What you have to do → Down to the last line of the listing, starting at the one with "[중고] Jews in", retype each line exactly. Do not copy the pictures.

Data shown →
============

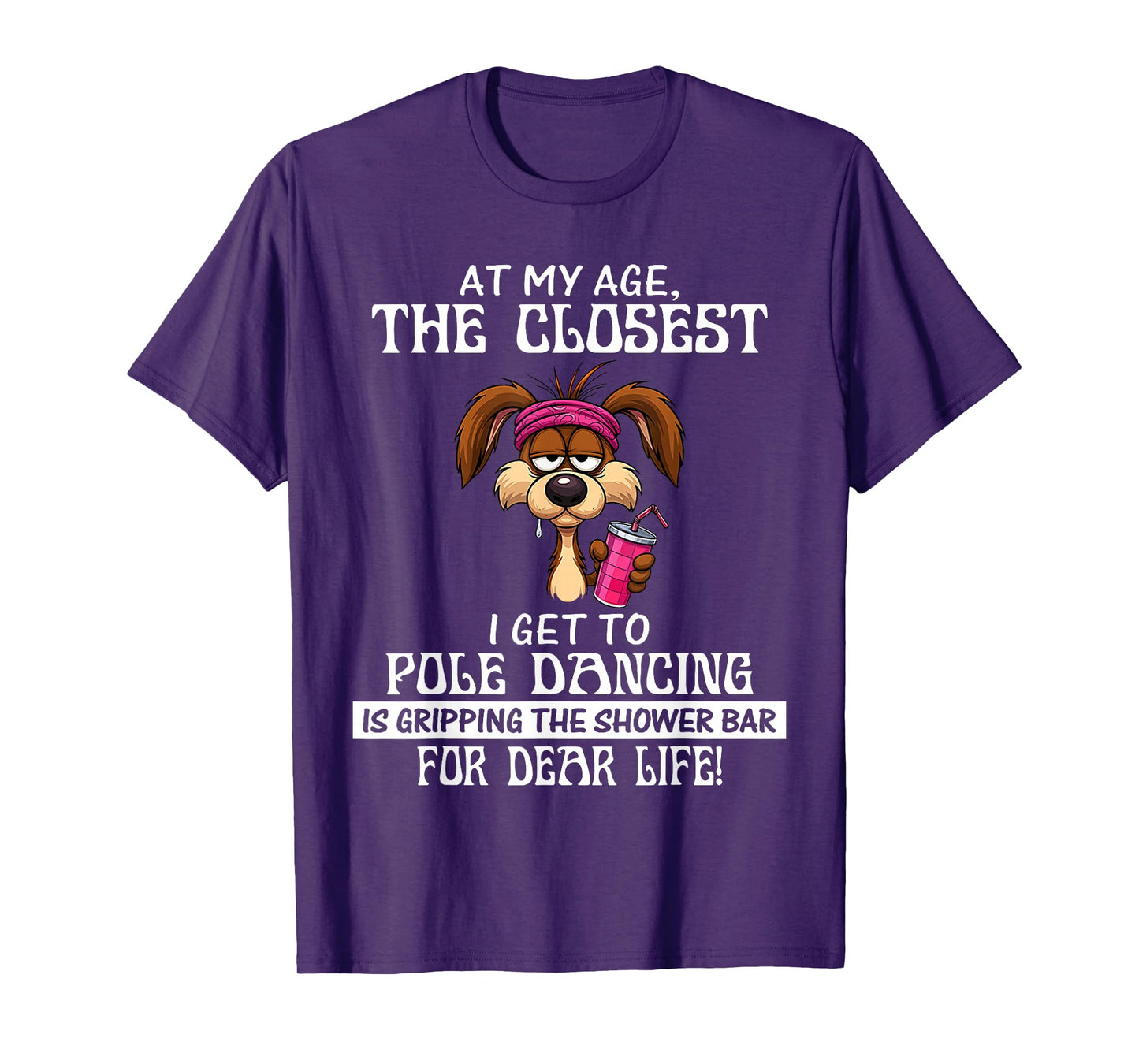 at My Age The Closest I Get to Pole Dancing is Gripping T-Shirt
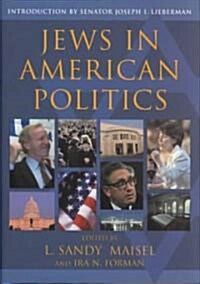 [중고] Jews in American Politics: Introduction by Senator Joseph I. Lieberman (Hardcover)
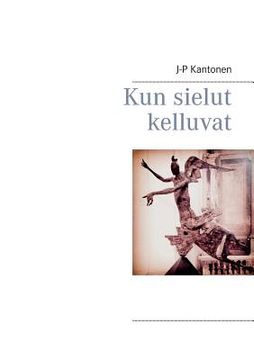 portada Kun sielut kelluvat (in Finnish)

============

Solution below →
 [중고] Jews in American Politics: Introduction by Senator Joseph I. Lieberman (Hardcover)
 portada Kun sielut kelluvat (in Finnish)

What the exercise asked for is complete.